Le raisonnement de Christaller fournit également une clef d’explication pour la réussite ou l’échec de certaines fondations urbaines. Parmi les bastides implantées plus tardivement, seules réussirent les villes neuves qui prirent place dans les espaces laissés vacants entre les lieux centraux voisins.

En dépit des conclusions fructueuses de l’exemple périgourdin, l’emploi du modèle de Christaller pour caractériser un réseau urbain médiéval appelle plusieurs interrogations. Il suppose de définir au moins un lieu central de première importance autour duquel s’organisent des cercles de 36 km et 21 km de rayon. Or, comment définir cette « première importance » ? L’analyse court à tout moment le risque de porter en elle des jugements téléologiques, d’écrire une histoire guidée par les succès postérieurs sans tenir compte de l’éminente historicité des réseaux urbains.

Souvent, c’est le chercheur qui induit sa propre réponse en optant, inconsciemment, pour des critères d’ancienneté 40 ou des critères démographiques qui lui paraissent pertinents. Charles Higounet, avant de se lancer dans l’analyse régionale pose par exemple ce postulat de départ : « Périgueux, l’antique Vésone puis la cité déchue, est restée pendant tout le premier millénaire l’unique « lieu central » du Périgord ». Mais que faire en présence de plusieurs lieux centraux, comment définir les localités dont la centralité était la plus forte et dont il faudrait partir pour appliquer le modèle de Christaller ?

Dans l’espace franconien du premier tiers du XXe siècle, la validité de la théorie des lieux centraux sur le réseau urbain a été éprouvée par Walter Christaller lui-même. Le paysage urbain d’Allemagne du Sud était dominé dans les années 1930 par Munich, Francfort, Stuttgart et Nuremberg. Lieu central de première importance, Nuremberg présidait à un système urbain où Würzbourg comptait parmi les villes de rang immédiatement inférieur tandis que Bamberg se plaçait sur le cercle imparti aux  localités du rang suivant.

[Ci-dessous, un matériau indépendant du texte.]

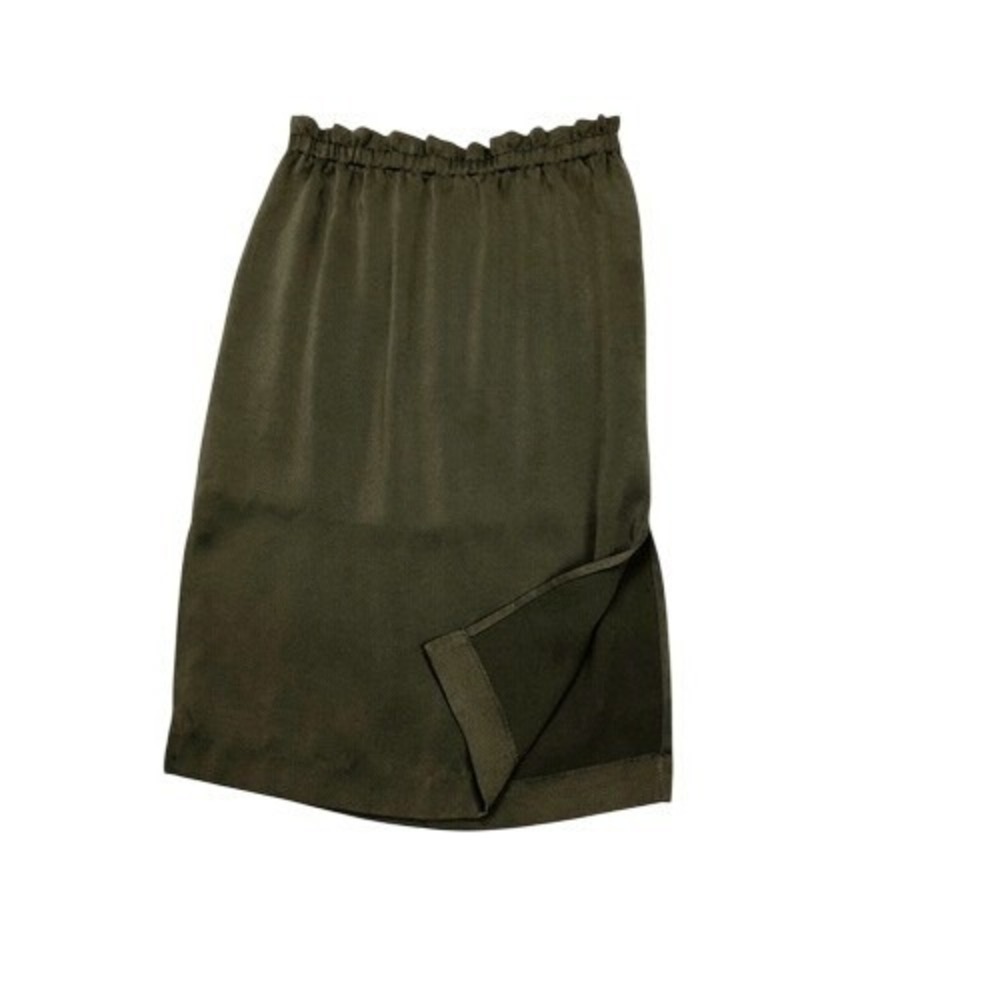 H&M Olive Green Straight Skirt Elastic Waist Size 6 - Picture 3 of 7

Mais que l’on revienne maintenant au Moyen Âge ! La civitas de Würzbourg est mentionnée pour la première fois entre 1000 et 1030 sur la base d’un castellum attesté au VIIIe siècle. Le développement de la ville de Bamberg survient à la même époque et accompagne la création de l’évêché de Bamberg en 1007. Nuremberg où la population s’est agglomérée au pied d’un château royal (droit de marché vers 1050) obtient à son tour le rang de civitas par privilège au XIIe siècle. Pour définir l’importance relative des trois agglomérations entre les XIe et XVIe siècles, le critère d’ancienneté n’offre donc guère de secours. Comment classer ces villes sans tout autre indice : sur un pied d’égalité ou sur trois niveaux différents comme à l’époque étudiée par Christaller ?

Beaucoup paraissent l’avoir oublié ; parallèlement à son modèle, Walter Christaller emploie un outil de mesure général qui lui permet d’évaluer la centralité de chaque lieu. Cette jauge de centralité consiste en un indice défini mathématiquement grâce aux connexions téléphoniques et au nombre d’habitants 41 . C’est finalement le croisement de cette donnée chiffrée avec les cercles théoriques qui lui donne les moyens de définir les lieux centraux de premier rang, puis de s’assurer du niveau effectif de chaque ville quand elle ne répond pas tout à fait au modèle.

En l’absence d’un indice de centralité à l’appui du schéma théorique de Christaller, toute interprétation risque d’être conditionnée par les attentes du chercheur ou par des données anachroniques. La centralité, pourtant vue par ses utilisateurs comme un moyen de résoudre les problèmes de définition des villes médiévales, achoppe donc à son tour sur la définition du lieu central de première importance.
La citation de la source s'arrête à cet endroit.